I need to approximate $\cos(47^\circ)\sin(32^\circ)$. In order to do this, I need to use differentials. So, for a function $f(x,y)$, we have:
$$f(x,y)-f(x_0,y_0)\approx \frac{\partial f(x_0,y_0)}{\partial x}(x-x_0) + \frac{\partial f(x_0,y_0)}{\partial y}(y-y_0)$$
When we let $(x,y)$ get close to $(x_0,y_0)$ we can say that:
$$\delta f \approx \frac{\partial f(x_0,y_0)}{\partial x}\delta x + \frac{\partial f(x_0,y_0)}{\partial y}\delta y$$
Then we define the differential as being
$$df = \frac{\partial f(x_0,y_0)}{\partial x} dx +\frac{\partial f(x_0,y_0)}{\partial y}dy $$
In the exercise, I choose:
$$(x,y) = (47^\circ, 32^\circ), (x_0, y_0) = (45^\circ, 30^\circ)$$
So we should have:
$$\delta f \approx \frac{\partial f(45^\circ,30^\circ)}{\partial x}(47^\circ-45^\circ) + \frac{\partial f(45^\circ,30^\circ)}{\partial y}(32^\circ-30^\circ)$$
but this $(47^\circ-45^\circ)$ and $(32^\circ-30^\circ)$ doesn't seem rigth, because we're working with degress, and $\delta z$ is in radians. I'm quite confused in how to solve this exercise. Could somebody give show me what's happening?

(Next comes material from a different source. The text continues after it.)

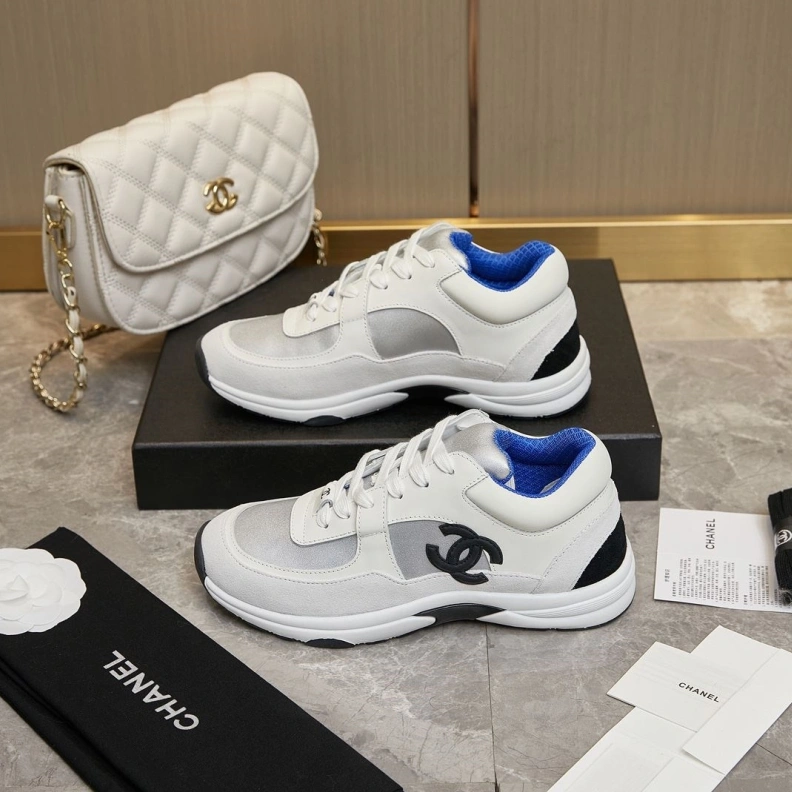 Chxnxl Casual Shoes Fashionable 117988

Since $x,y$ are in degrees, the chain rule gives:
$\frac{\partial f}{\partial x} = \frac{\partial f}{\partial x} \frac{\pi}{180}= -sin(x)sin(y)\frac{\pi}{180}$
$\frac{\partial f}{\partial y} = \frac{\partial f}{\partial y} \frac{\pi}{180}= cos(x)cos(y)\frac{\pi}{180}$
Therefore, the linear approximation for $f$ is:
$f(x,y) \approx f_0 + \frac{\pi}{180}\left.\frac{\partial f}{\partial x}\right|_0 (x-x_0) + \frac{\pi}{180}\left.\frac{\partial f}{\partial y}\right|_0 (y-y_0)$
or
$f(x,y) \approx cos(x_o)sin(y_o) - \frac{\pi}{180}sin(x_o)sin(y_o)(x-x_0) + \frac{\pi}{180}cos(x_o)cos(y_o)(y-y_0)$
In your case:
$f(47^{\circ},32^{\circ}) \approx cos(45^{\circ})sin(30^{\circ}) - \frac{\pi}{180}sin(45^{\circ})sin(30^{\circ})(47^{\circ}-45^{\circ}) + \frac{\pi}{180}cos(45^{\circ})cos(30^{\circ})(32^{\circ}-30^{\circ}) $
$ =\frac{\sqrt{2}}{2}\cdot\frac{1}{2} + \frac{\pi}{180}\left(-\frac{\sqrt{2}}{4}\cdot2 + \frac{\sqrt{6}}{4}\cdot 2\right) = 0.3626^c = 20.77^\circ$
A calculator gives $f(47^{\circ},32^{\circ}) = cos(47^{\circ})sin(32^{\circ}) = 0.3614^c = 20.71^\circ$, indicating an error of order $0.1^\circ $ in the linear approximation.